So it seems then that Quantum Physics for Babies is here to stay. But we’re all scientists here and we love nothing more than free cake and to categorize things. So where does Quantum Physics fit? In what aisle of the bookshop does it sit on the shelf? Well, it turns out that it has been shoehorned into the new educational buzzword de jour: STEM.

[image error]

STEM (Science Technology Engineer and Mathematics) started out as an initiative to focus on its namesake topics with the goal of training a workforce ready for the careers that were assumed new technologies would create. Interestingly, the first press mention of the acronym seems to go back to 2008 when The Bill and Melinda Gates Foundation donated $12 million dollars to the Ohio STEM Learning Network, which is still going strong today. Most never looked back. [By the way, much backlash ensued over leaving out the Arts, for example. So you might see STEAM or even STREAM (Reading) out there.]

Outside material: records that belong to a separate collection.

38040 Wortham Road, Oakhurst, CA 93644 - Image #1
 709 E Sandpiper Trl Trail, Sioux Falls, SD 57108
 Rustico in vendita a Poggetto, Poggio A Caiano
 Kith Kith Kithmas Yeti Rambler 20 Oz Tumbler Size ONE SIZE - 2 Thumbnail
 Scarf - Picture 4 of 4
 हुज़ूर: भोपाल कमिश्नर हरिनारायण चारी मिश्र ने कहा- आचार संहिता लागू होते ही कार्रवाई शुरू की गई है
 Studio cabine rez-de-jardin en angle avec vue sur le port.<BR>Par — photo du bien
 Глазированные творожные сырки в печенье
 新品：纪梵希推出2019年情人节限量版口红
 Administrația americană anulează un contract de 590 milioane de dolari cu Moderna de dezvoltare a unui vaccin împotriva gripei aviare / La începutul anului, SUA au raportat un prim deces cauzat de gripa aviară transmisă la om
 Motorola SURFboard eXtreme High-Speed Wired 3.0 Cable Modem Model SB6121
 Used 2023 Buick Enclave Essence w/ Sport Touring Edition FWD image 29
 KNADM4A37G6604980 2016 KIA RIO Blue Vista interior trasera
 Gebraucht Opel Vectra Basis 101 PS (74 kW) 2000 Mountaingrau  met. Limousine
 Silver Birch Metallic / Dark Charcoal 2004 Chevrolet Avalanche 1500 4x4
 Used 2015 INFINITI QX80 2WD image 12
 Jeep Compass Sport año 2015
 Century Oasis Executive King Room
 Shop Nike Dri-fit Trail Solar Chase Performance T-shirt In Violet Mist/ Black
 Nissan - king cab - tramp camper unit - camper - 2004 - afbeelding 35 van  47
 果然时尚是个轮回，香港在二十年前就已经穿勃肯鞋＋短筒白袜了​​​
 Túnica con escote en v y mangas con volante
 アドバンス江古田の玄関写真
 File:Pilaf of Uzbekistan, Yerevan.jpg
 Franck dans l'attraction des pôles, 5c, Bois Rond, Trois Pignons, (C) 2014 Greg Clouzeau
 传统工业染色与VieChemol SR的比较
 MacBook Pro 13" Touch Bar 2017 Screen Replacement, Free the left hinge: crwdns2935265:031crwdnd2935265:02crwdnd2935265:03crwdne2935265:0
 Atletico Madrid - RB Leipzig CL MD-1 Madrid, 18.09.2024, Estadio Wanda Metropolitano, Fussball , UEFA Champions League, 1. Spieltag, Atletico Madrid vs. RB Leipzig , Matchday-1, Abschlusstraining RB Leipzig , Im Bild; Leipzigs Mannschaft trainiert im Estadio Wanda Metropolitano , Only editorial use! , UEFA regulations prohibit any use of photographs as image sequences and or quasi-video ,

Now governments all over the world currently have numerous initiatives at all levels of the curriculum to enhance what they called STEM-based learning. This is vaguely and variably defined and can mean anything from simply having access to more technology in the classroom to the design and building of simple machines to solve practical problems. But the motivation and directives that follow are often based on decade-old studies suggesting rises in STEM-related jobs. One recent state-level education​ department cited a study with data collected prior to the release of the first iPhone (that was only 10 years ago, by the way). The often cited report of the Chief Scientist of Australia contained recommendations citing data accumulated from 1964-2005. Policy is good, but it cannot keep up with the pace of technology.

Disruption! Here are today’s upper middle-class. The fear today—fueled by startups, makers, and ever younger entrepreneurs—is that we just have no idea what jobs will look like in the future. And so STEM, at least for the trailblazers, is now a movement with the audacious goal of graduating creators and innovators. We no longer want graduates who simply have more and integrated technical skills.

What does this look like? Let me give you an example. Here is Taj Parabi, now 17, CEO of his own business which ships DIY tablets. His company, fiftysix, also visits schools and puts on extracurricular workshops for students on technology and… entrepreneuring! That’s right. Your children are competing with 8-year-olds trained to be CEOs of their own companies!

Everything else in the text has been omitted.